There's some excellent material in here, including a really good historical summary of the way that quantum physics has managed to be hugely successful while at the same time physicists have papered over the cracks of what is really happening - what's sometimes referred to as 'shut up and calculate'. There's no doubt that most of the science here is, while speculative, based on solid physics. (This is as opposed to the theology, for example, where Päs conjures up a totally fictional and rather hilarious battle between his ‘monism’ view of quantum mechanics and monotheistic religions, inevitably deploying Giordano Bruno.)
What's less sure, though, is whether or not this speculation is anything more than vaguely interesting. Päs suggests that the way to get to what's really happening is to start from the universe as a whole. This can be both technically true and practically useless. For example, you might argue the only way to fundamentally understand why you decided to have croissants for breakfast was to gather data on every single one of the 1027 atoms in your body. This may in principle be true, but in practice is totally useless as we both can't collect the data and can't do anything with it in a useful way. Similarly, we might get a better understanding of what is really happening when two quantum particles interact by studying the universe as a whole - but practically speaking it won't tell us anything.
It's also true that the book doesn't entirely avoid falling into the ancient wisdom trap. For example, we read 'as startling as it is, as long as fifty centuries ago the ancient Egyptians knew something very similar to entanglement'. That's on a par with Erich von Daniken in Chariots of the Gods saying that the book of Ezekiel in the Bible describes a spaceship. No - it's retrofitting a vague imagining from the past to a unlinked modern scientific idea and has no value.
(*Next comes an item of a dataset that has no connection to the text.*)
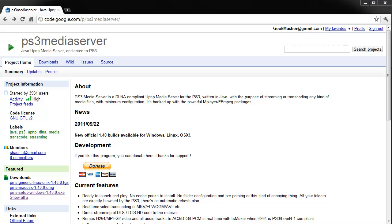Hi guys, Geekmasher here. This video is all about setting up a PS3 media server so you can watch videos, listen to music, and view photos.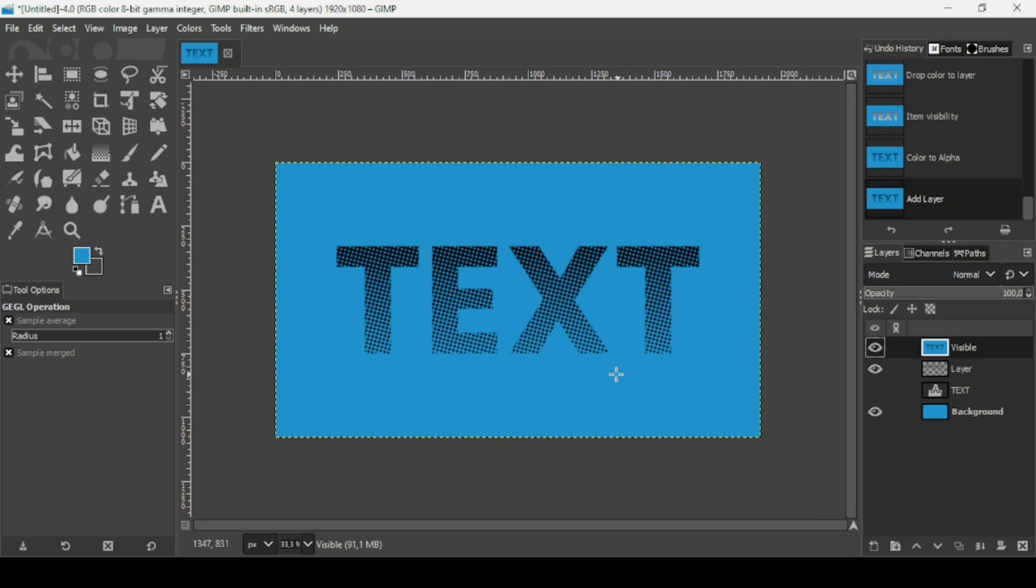That's how you can create a halftone text effect in GIMP. Thanks for watching, have a nice day, and till next time.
As long as you can resist groaning at these references to ancient parallels, there's indubitably interesting content here, which is why I've given it four stars. However, despite the tag line calling this the 'future of physics', the monism concept at its heart is ascientific - it's highly unlikely it will ever be experimentally provable or have any meaningful impact on physical theory. I am far more interested in popular science that describes theory that links to experiment and has practical value, but as an exploration of one of the less painful aspects of such speculation, this still makes for an interesting read.